27 июня, понедельник.
«Около десяти часов вечера все собрались в Малом зале. Обычные волнения, чуть нервный смех и в уголке зала — даже пение. Жюри появилось на эстраде, встреченное аплодисментами. Председатель - А.В. Свешников - объявлял результаты. Когда он объявил имя Джейн Марш, героиня конкурса заплакала от неожиданности и счастья. А недавние соперники и товарищи В. Атлантов и Н. Охотников расцеловались к радости корреспондентов».
«Отмеченный первой премией среди мужских голосов драматический тенор В. Атлантов, еще совсем молодой человек, обладает уникальным голосом и большим художественным дарованием.
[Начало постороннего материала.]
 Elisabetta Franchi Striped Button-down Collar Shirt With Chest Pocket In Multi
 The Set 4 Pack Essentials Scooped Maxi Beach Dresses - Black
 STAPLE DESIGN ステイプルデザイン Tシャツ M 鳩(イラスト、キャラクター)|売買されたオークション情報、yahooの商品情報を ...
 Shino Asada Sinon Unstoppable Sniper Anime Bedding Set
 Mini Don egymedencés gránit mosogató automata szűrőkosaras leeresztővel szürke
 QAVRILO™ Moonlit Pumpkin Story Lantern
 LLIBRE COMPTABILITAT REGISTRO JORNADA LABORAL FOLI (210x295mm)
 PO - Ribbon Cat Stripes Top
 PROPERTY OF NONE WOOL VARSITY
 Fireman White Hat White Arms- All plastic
Мне не приходилось еще встречать драматического тенора такой красоты, выразительности, мощи, экспрессии. Перед этим певцом открыто огромное будущее, у него есть все возможности стать крупным артистом»*.
«Первую премию завоевал Владимир Атлантов. У него поистине золотой голос. Он очень талантливый человек и, надеюсь, поймет, что такой голос надо охранять. В будущем ему следует подумать над тем, чтобы не форсировать звучание...»**
«Владимир Атлантов... Он одарен голосом редкой красоты и мощи, несомненно музыкален и ярко темпераментен. Все эти качества сразу же находят отклик у слушателей.
Но... Есть много но...
Я понимаю, что изолировать артиста от зала, для которого он поет, невозможно. Но изолировать творчество от «приливов и отливов» поверхностного вкуса — это в его собственной власти... А для этого нужен режим, нужна школа, нужно непрерывное обогащение культуры. И, конечно, самая высокая требовательность к себе. Подобная требовательность должна была бы подсказать артисту, что нельзя, например, так злоупотреблять грудным резонатором, буквально «наваливаясь» на связки всей силой дыхания, помноженного на темперамент.